-- Given data follows --

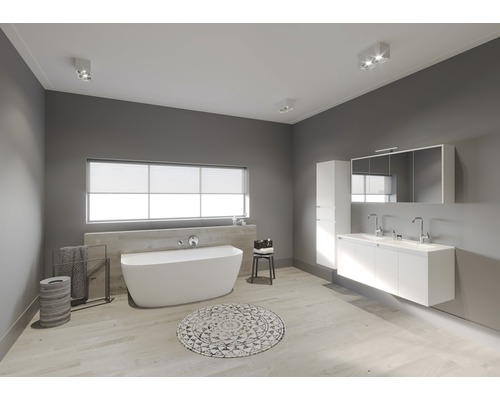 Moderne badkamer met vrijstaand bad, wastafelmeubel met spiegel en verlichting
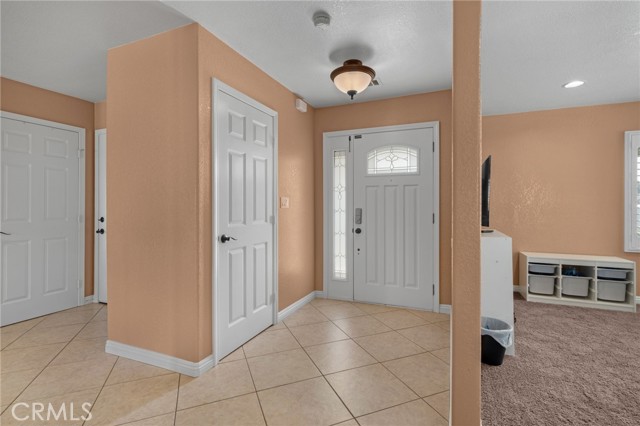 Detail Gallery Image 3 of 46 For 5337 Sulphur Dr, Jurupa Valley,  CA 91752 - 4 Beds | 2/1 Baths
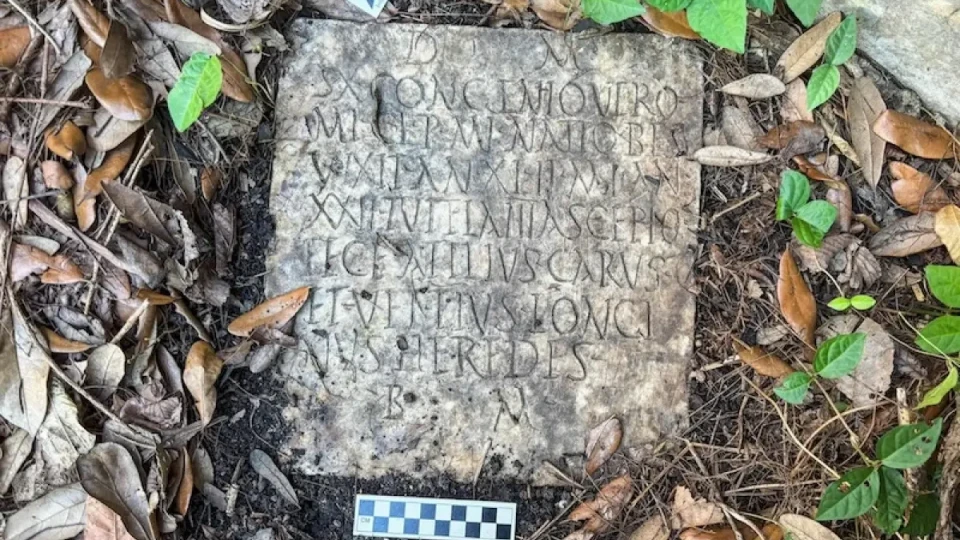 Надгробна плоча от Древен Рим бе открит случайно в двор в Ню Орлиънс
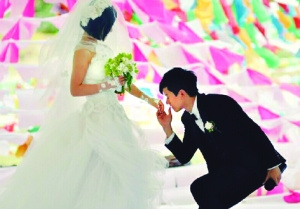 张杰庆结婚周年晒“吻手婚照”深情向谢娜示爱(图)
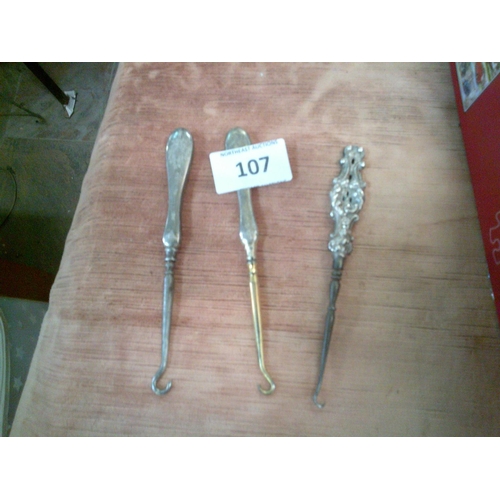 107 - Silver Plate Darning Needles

-- Given data concluded --
-- Given data follows --

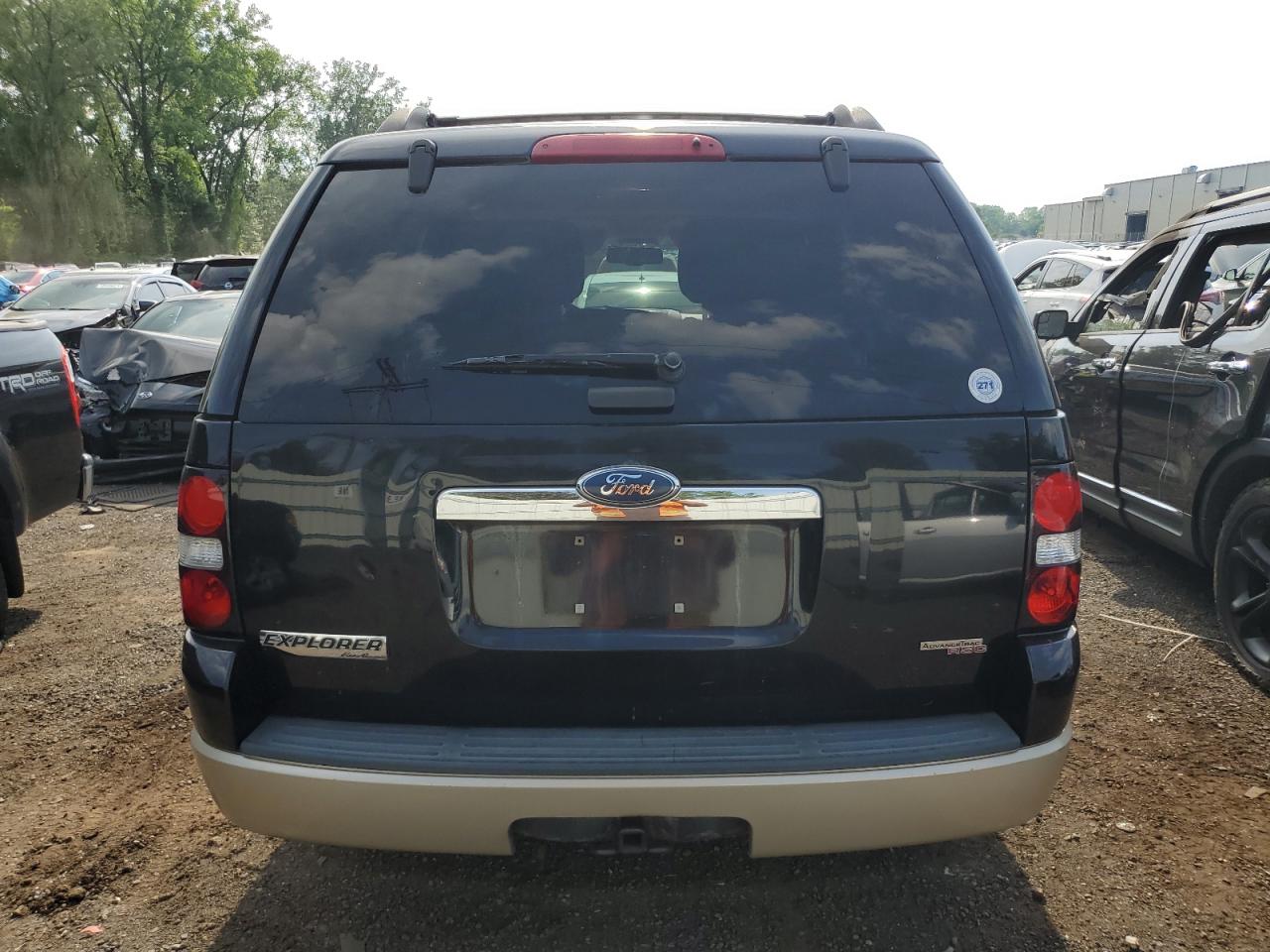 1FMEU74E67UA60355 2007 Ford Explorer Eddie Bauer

-- Given data concluded --
-- Given data follows --

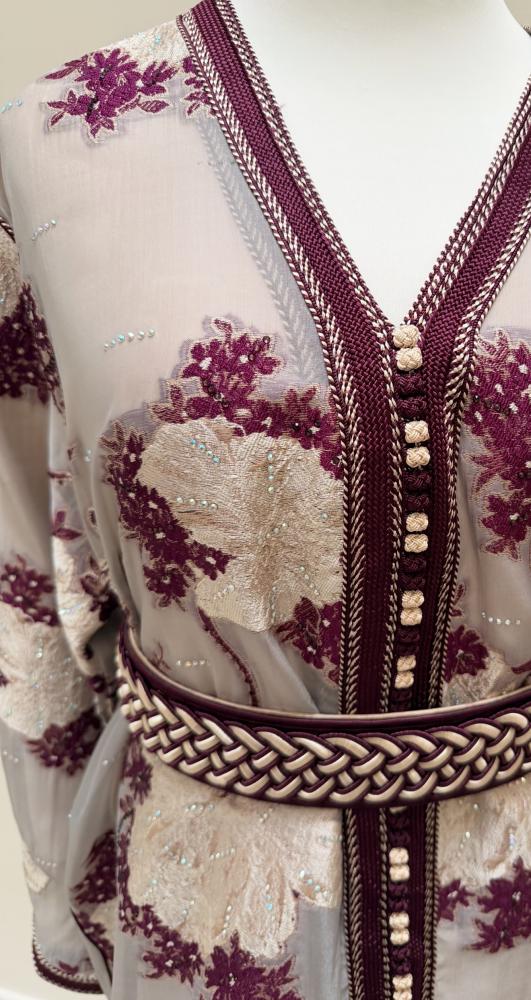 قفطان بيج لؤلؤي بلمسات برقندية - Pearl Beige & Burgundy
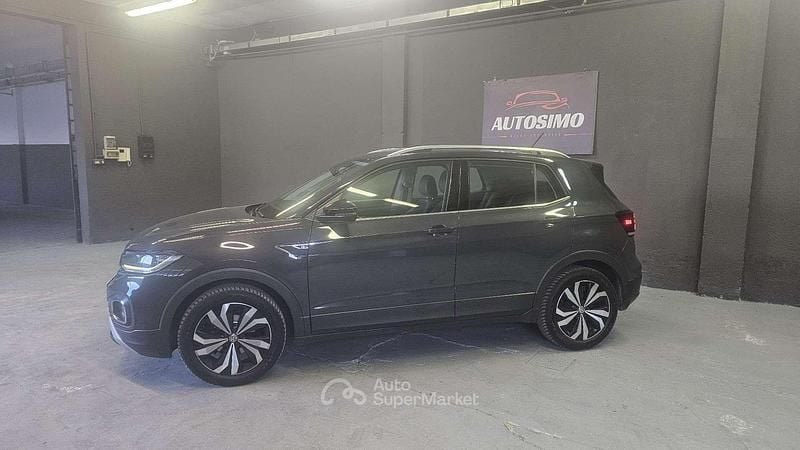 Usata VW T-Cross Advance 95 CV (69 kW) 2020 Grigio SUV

-- Given data concluded --

Your objective
Starting at the line above that holds "Moderne badkamer met", return each line up to and including the one that holds "107 - Silver Plate Darning Needles", exactly as written, minus any pictures.

Result of the exercise
 Moderne badkamer met vrijstaand bad, wastafelmeubel met spiegel en verlichting
 Detail Gallery Image 3 of 46 For 5337 Sulphur Dr, Jurupa Valley,  CA 91752 - 4 Beds | 2/1 Baths
 Надгробна плоча от Древен Рим бе открит случайно в двор в Ню Орлиънс
 张杰庆结婚周年晒“吻手婚照”深情向谢娜示爱(图)
 107 - Silver Plate Darning Needles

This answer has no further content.